The snow is heavy, the glaciers dirty above the yellow and grey slab cliffs on the Jungfrau, the dominant peak here, with the Breithorn and Tschingelhorn up valley. The Mönch is still clouded in, and the Eiger is behind a ridge.
"Schönes Morgan" we pass a guy sharpening his scythe with a stone, the steel blade ringing; a husband uses a small hand mower to cut his field as his wife turns the last cutting with a wooden pitchfork. We pass hayricks, barns with fresh cheese, milk, eggs and vegetable for sale, more cute houses and cords and cords of neatly stacked firewood, with sheets of corrugated tin over them. The constant sounds: the clanking (not tinkling) bells on the goats, the loud rush of the rivers, the birds. I catch a great view of the Eiger as it roars around the side of a lower peak which had been hiding it. The cliffs plunge dramatically, and in every direction the white peaks lord over it all. The trails end in little Gimmelwald, so we have to take a cable car over the cliffs down to Stechelberg. We walked the three miles along the river between Stechelberg and Lauterbrunnen, amazed at the ribbons of water pouring over the lip of the cliff above; fine lines of white water blown sideways to form a mist, a disappearing wisp of a waterfall.
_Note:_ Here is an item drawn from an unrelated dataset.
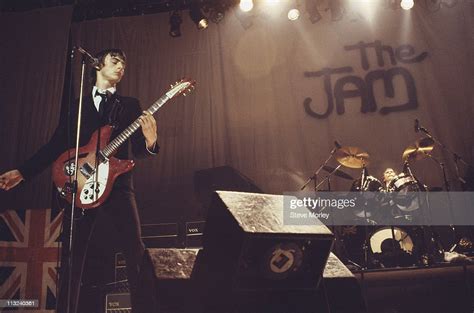 Singer And Guitarist Paul Weller And Drummer Rick Buckler Of British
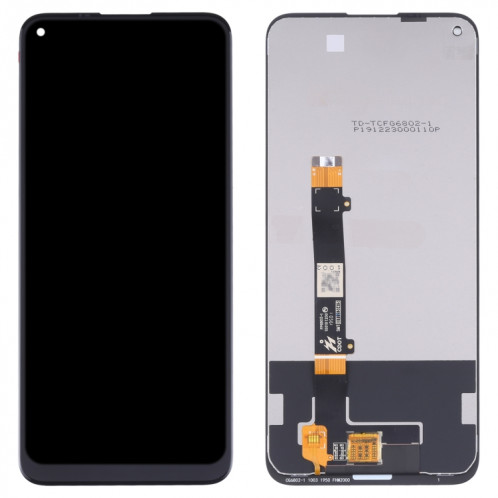 Écran LCD et numériseur Assemblage complet pour Nokia 8 V 5G UW SH4821644-07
It is hot here in the flowery meadow in this narrow valley, and I want to just lie back in the grass watching the BASE jumpers in their wingsuits fling themselves over the edge, the paragliders drifting easily, circling down, down. We get to Trümmelbachfälle, a huge waterfall corkscrewing right through the rock inside the mountain, draining the glaciers on the three peaks above. We literally take a funicular right up inside the mountain and hike paths cut through the rock to see the falls.
By the time we make it to Lauterbrunnen the clouds are once again obscuring the high peaks, so we change our plans again. You just have to flexible in this weather. We find a little bar running a special, all you can eat BBQ for $23CHF, so Gail fills up on the $4 mini salad while I chow down on at least $50 worth of ribs and hefeweizen. You know, the views here are just over-the-top spectacular; even sitting in a café, the green mountainsides going up to grey cliffs, topped by white peaks and blue skies, all framed by multicolored umbrellas and the ubiquitous red and white Swiss flag... this is what has been missing all this trip: the amazing, jaw dropping views.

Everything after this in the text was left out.